Los mayores regresan a sus salas de fiesta: “Mi vacuna es el baile”
“Aunque te quiebren la vida/aunque te muerda un dolor/no esperes nunca una ayuda/ni una mano, ni un favor”.
Suena Julio Iglesias cantando un tango.
Juan Pinilla ha llegado maqueado de pies a cabeza. Zapatos blancos, pantalón también blanco, camisa marinera con anclas doradas estampadas, chaleco gris y un sombrero que ha dejado posado como un pájaro muerto junto a su cerveza sin alcohol sobre la esquina de la barra en la que siempre se coloca. Desde ella posee la mejor perspectiva de la pista de baile. Pinilla tiene 81 años, fue taxista durante dos décadas y luego lo dejó para dedicarse a la compra-venta de “to-do”, como dice remarcando las sílabas. A los cincuenta empezó a bailar. A bailar de verdad, porque bailar había bailado siempre. Pero antes tuvo que sacar a la familia adelante. Pinilla es un entrevistado formidable porque no hace falta ir a buscarlo, él mismo se acerca a hablar con los periodistas, y porque sin apenas preguntarle ya lo cuenta todo solo.
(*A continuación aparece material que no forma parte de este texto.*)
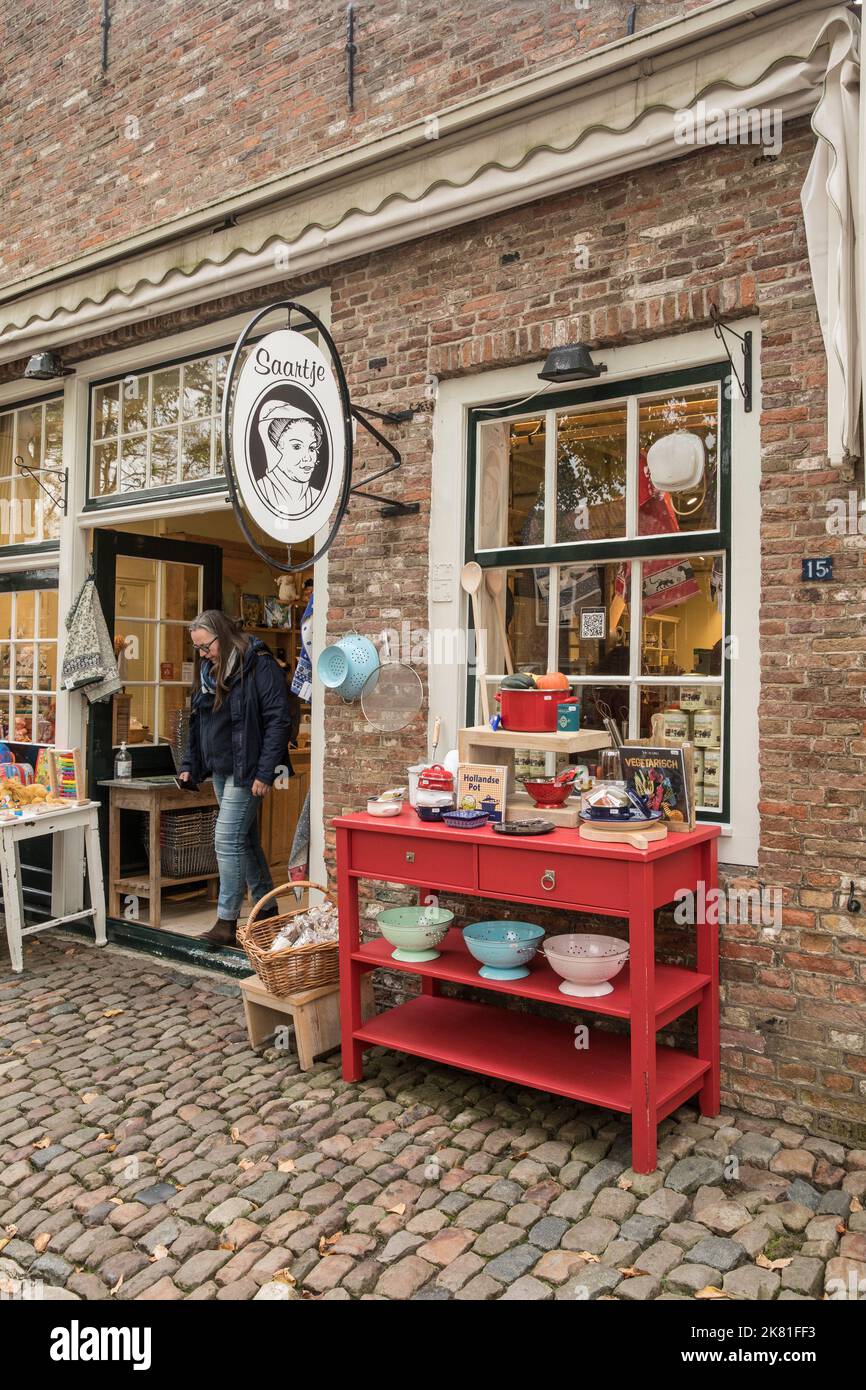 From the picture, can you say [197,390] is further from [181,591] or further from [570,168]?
[570,168]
Son las siete y diez de la tarde. Hace apenas diez minutos que ha abierto sus puertas la sala Golden, en el centro de Madrid, una discoteca para mayores, y la pista ya está repleta de parejas bailando. Pinillla lleva 21 años viniendo, dice orgulloso. Como no bebe cerveza ni whisky, dice también, ni tampoco viaja, bailar es su hobby. Presume de que es uno de los que más años suma acudiendo allí. Y el único, presume aún más, que lo hace todos los días. Le gusta bailar todo lo que suene a español, incluidas las sevillanas, remarca, y conoce a todos los clientes asiduos como él. “Sobre todo a las amigas, que son las que me interesan... Ellos, la verdad, menos”. Con ellas baila. Nada más. Pinilla lleva ya décadas divorciado. Hace treinta años se echó una novia, salió la cosa mal y entonces se dijo hasta aquí hemos llegado. Ahora las amigas son sólo para bailar.
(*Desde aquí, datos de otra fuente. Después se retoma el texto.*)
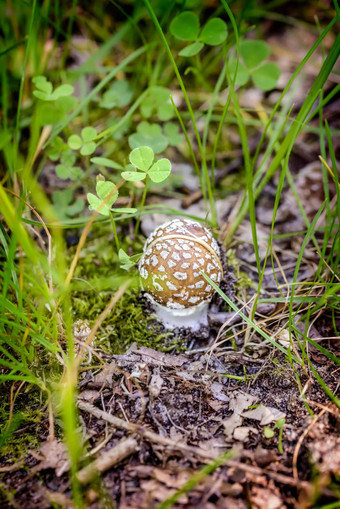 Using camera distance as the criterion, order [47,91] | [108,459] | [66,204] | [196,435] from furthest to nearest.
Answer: [66,204]
[47,91]
[196,435]
[108,459]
Pinilla estaba deseando que abriera de nuevo el Golden. Lo hizo, por fin, a mediados de septiembre. Antes de eso se consolaba escapándose a un local de Getafe. Allí con las restricciones debían estar sentados, pero cuando nadie les veía se levantaban y bailaban en el pasillo o entre las mesas. Si llegaba la policía, como sucedió en un par de ocasiones, se sentaban de nuevo rápidamente, disimulaban y esperaban hasta que se marchara para volver a ponerse en pie. Pinilla cuenta también que hace unos años la vesícula casi lo manda al otro barrio, y no se refiere a Getafe. Estuvo 45 días en la UVI. Hoy se confiesa en plena forma gracias al gimnasio y al baile. En el primero camina cuatro kilómetros al día por la cinta. Con el segundo calcula que llega hasta los diez.
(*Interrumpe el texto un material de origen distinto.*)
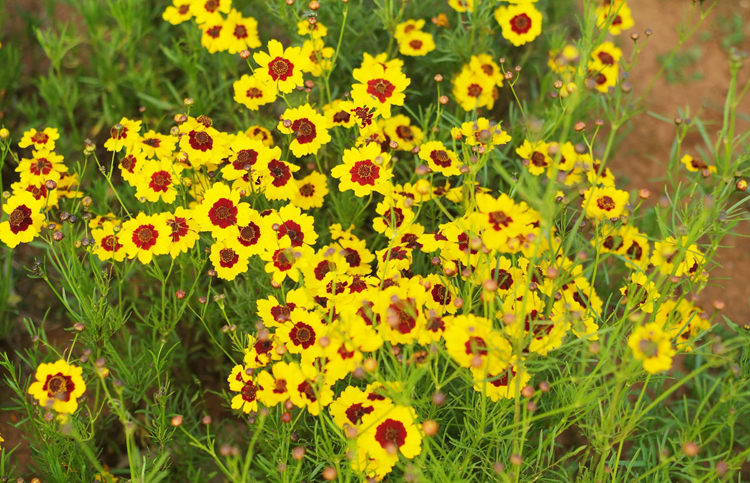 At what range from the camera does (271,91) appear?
281 cm

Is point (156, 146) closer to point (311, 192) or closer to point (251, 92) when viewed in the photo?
point (251, 92)

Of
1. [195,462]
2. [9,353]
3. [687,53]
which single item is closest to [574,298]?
[195,462]

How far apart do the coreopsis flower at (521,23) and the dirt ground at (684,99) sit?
1.45 meters

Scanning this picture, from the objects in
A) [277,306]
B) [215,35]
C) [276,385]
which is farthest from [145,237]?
[215,35]

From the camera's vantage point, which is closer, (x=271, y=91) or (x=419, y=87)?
(x=271, y=91)

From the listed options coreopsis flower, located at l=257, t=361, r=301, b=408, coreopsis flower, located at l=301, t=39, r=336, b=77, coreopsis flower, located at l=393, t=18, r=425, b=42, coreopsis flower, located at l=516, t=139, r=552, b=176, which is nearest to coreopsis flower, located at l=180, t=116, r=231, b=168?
coreopsis flower, located at l=301, t=39, r=336, b=77

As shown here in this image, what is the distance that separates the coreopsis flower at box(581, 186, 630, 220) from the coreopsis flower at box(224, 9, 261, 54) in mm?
1898

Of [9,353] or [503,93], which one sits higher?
[503,93]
No todos, eso sí, están como él. También en el Golden ha detectado los estragos de la pandemia. Lamenta la ausencia de tres colegas que faltan y afirma que algunas de sus compañeras han vuelto a la pista muy torpes después de tantos meses paradas —“no pueden con las piernas”—. Reconoce que si no se “defienden”, ni intenta bailar con ellas. “Porque para andar arrastrando kilos no bailo”, admite.
Todos en el Golden llevan puesta la mascarilla, sentados y bailando, aunque Pinilla cree están demasiado “obsesionados” con ella y que él, cuando puede, se la baja para bailar porque está gordo y si no se asfixia. Pinilla habla sentado en su rincón de la barra, atalaya de cuero negro desde la que otea el horizonte de bailarines. De ahí, anuncia, ya sólo lo moverá San Pedro cuando le toque irse a bailar al cielo.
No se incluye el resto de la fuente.